I am really interested in growing some of this rare Crypt. I know that it is not commercially available, but does anyone know where I may get some? Does anyone here grow it?
Thanks


----------



## looking4roselines (May 10, 2008)

Good luck on your search. If you ever find any, I'll swap you with some of my stuff.


----------



## illustrator (Jul 18, 2010)

please add where in the world you are: memners of this group are from anywhere at all and it might not be easy to send plants because of import restrictions.


----------



## bigstick120 (Mar 8, 2005)

I had this one, was doing great. Did a rescape and it melted of course and never came back. Or is burried. Ill have to go search of it as I totally forgot about it until now!


----------



## greenview (Aug 9, 2011)

I am in the UK. 
Bigstick, let me know if you find it.


----------



## Ghazanfar Ghori (Jan 27, 2004)

Bigstick- you had noritoi - not dewitii.

I've got a couple of plants of dewitii. Still waiting for it to 'take off'.


----------



## greenview (Aug 9, 2011)

Not taking off seems to be quite common. Sounds like it is hard to grow, especially submersed. At least, so I have read elsewhere.


----------



## bigstick120 (Mar 8, 2005)

Ghazanfar Ghori said:


> Bigstick- you had noritoi - not dewitii.
> 
> I've got a couple of plants of dewitii. Still waiting for it to 'take off'.


I had that one, noritoi, as well. Didnt grow for crap.

dewitii, bronze leaf, looks kinda like wendtii?


----------



## Ghazanfar Ghori (Jan 27, 2004)

bigstick120 said:


> I had that one, noritoi, as well. Didnt grow for crap.
> 
> dewitii, bronze leaf, looks kinda like wendtii?
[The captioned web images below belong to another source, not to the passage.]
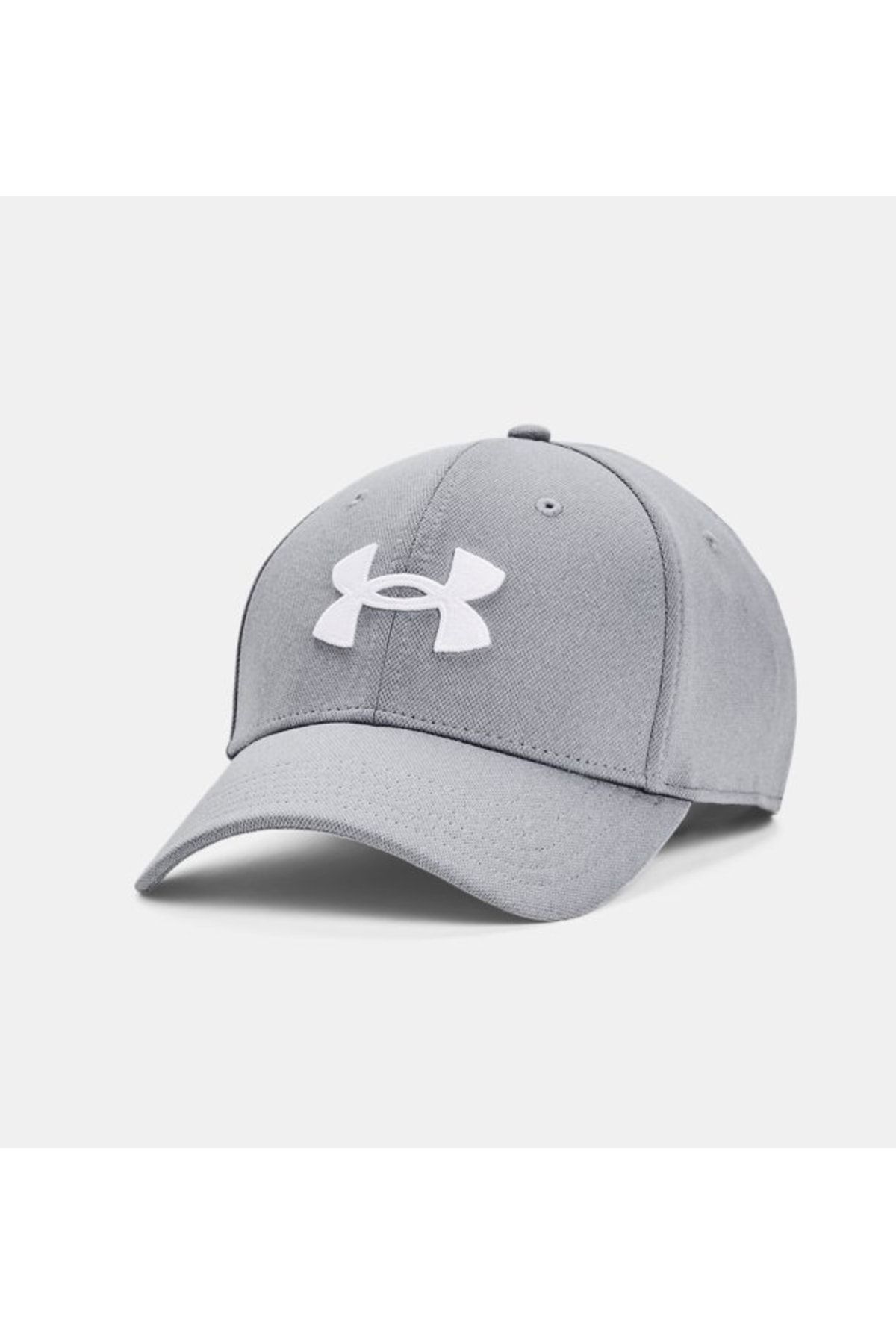 Under Armour کلاه ضرب و شتم نر UA 1376700-035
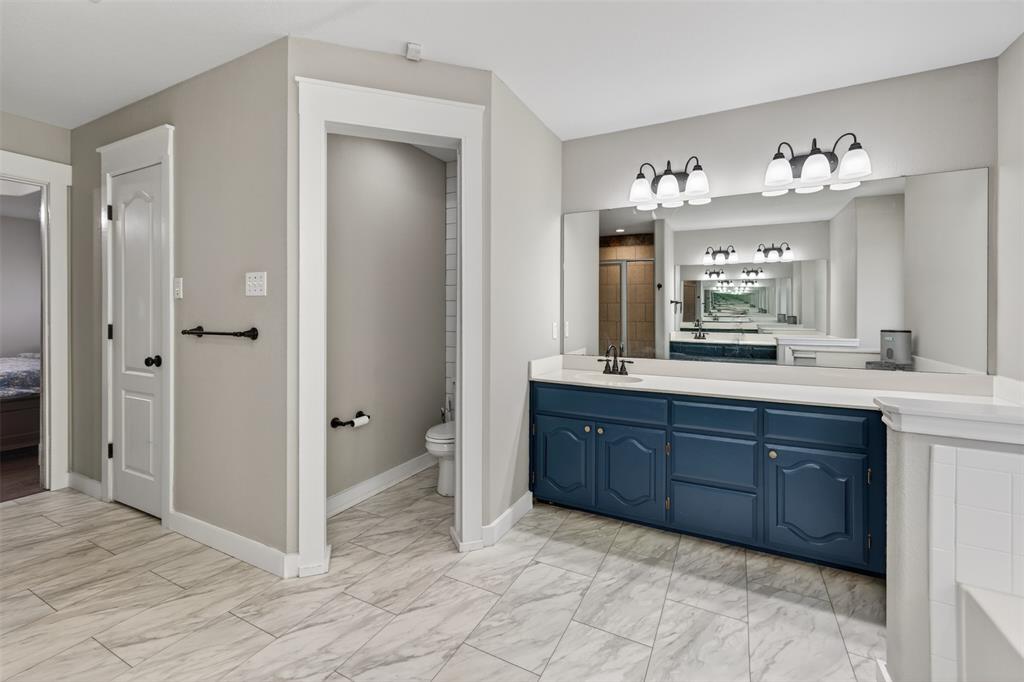 Willow Ridge - Residential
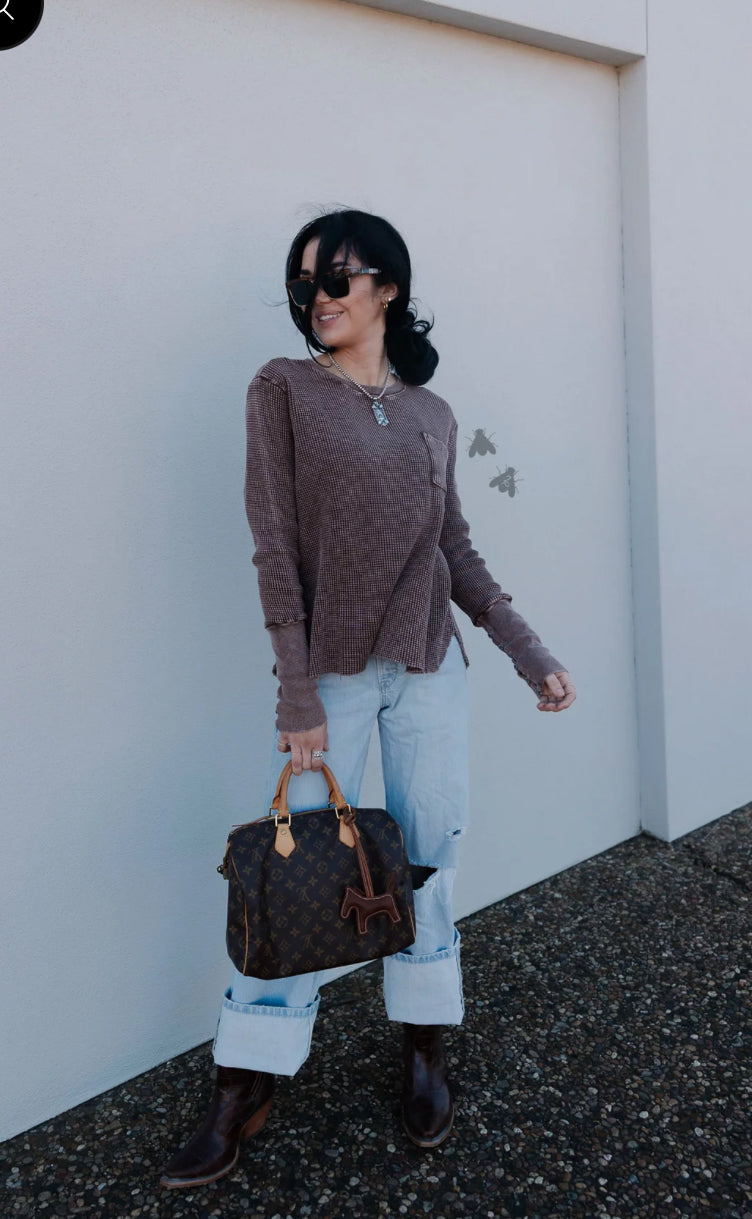 Higher Class Basic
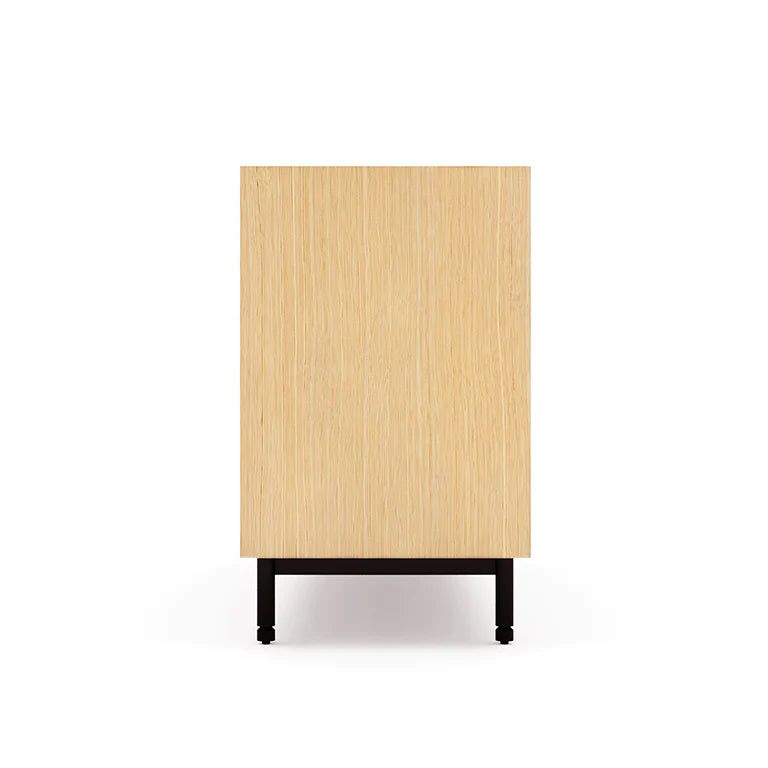 Gus* Modern Munro 6 Drawer Dresser 16 - FURNITURE - dresser Gus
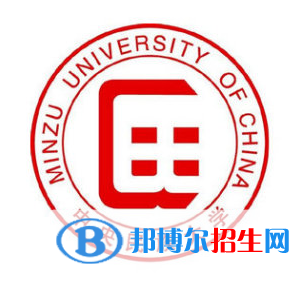 开设数字经济专业的大学有哪些？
Oh - not that was a wendtii - collected by 'dewit'

C. dewitii is a species from Papua that was 'lost' until found by Takashige Idei in Papua New Guinea in 2009ish


----------



## crypts (Jan 4, 2008)

Ghazanfar Ghori said:


> Oh - not that was a wendtii - collected by 'dewit'
> 
> C. dewitii is a species from Papua that was 'lost' until found by Takashige Idei in Papua New Guinea in 2009ish


Ghori, how about a trip to find one?


----------



## Ghazanfar Ghori (Jan 27, 2004)

crypts said:


> Ghori, how about a trip to find one?


I actually did mention this to my wife a couple of years ago - before Takashige found it. Want to guess to what my wife's response was?


----------



## crypts (Jan 4, 2008)

Ghazanfar Ghori said:


> I actually did mention this to my wife a couple of years ago - before Takashige found it. Want to guess to what my wife's response was?


lol...yeah!


----------